:: EXERCISE DATA ::
----------
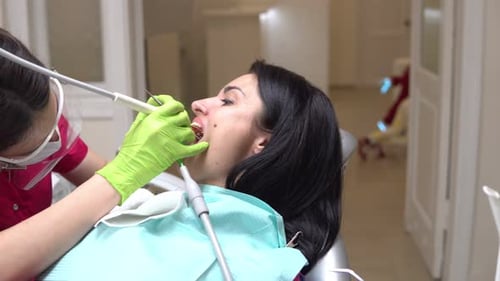 Woman Receives Dental Treatment from Dentist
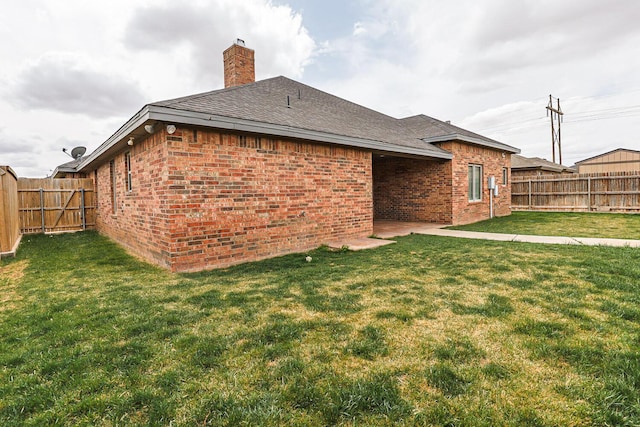 208 Berkshire Ave, Wolfforth, TX 79382 - back of house featuring a lawn, brick siding, a chimney, and a fenced backyard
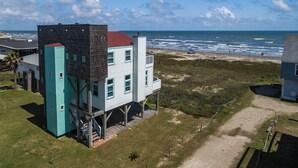 A two-story building with a unique architectural design, featuring a combination of white and dark-colored walls, and a red roof. The building is situated on a grassy area with a view of the ocean and beach in the background. - Beachfront Melody by Ryson Vacation Rentals (Galveston)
----------
Each line of the data must be restated exactly, and the pictures must be left out.

:: EXPECTED ANSWER ::
 Woman Receives Dental Treatment from Dentist
 208 Berkshire Ave, Wolfforth, TX 79382 - back of house featuring a lawn, brick siding, a chimney, and a fenced backyard
 A two-story building with a unique architectural design, featuring a combination of white and dark-colored walls, and a red roof. The building is situated on a grassy area with a view of the ocean and beach in the background. - Beachfront Melody by Ryson Vacation Rentals (Galveston)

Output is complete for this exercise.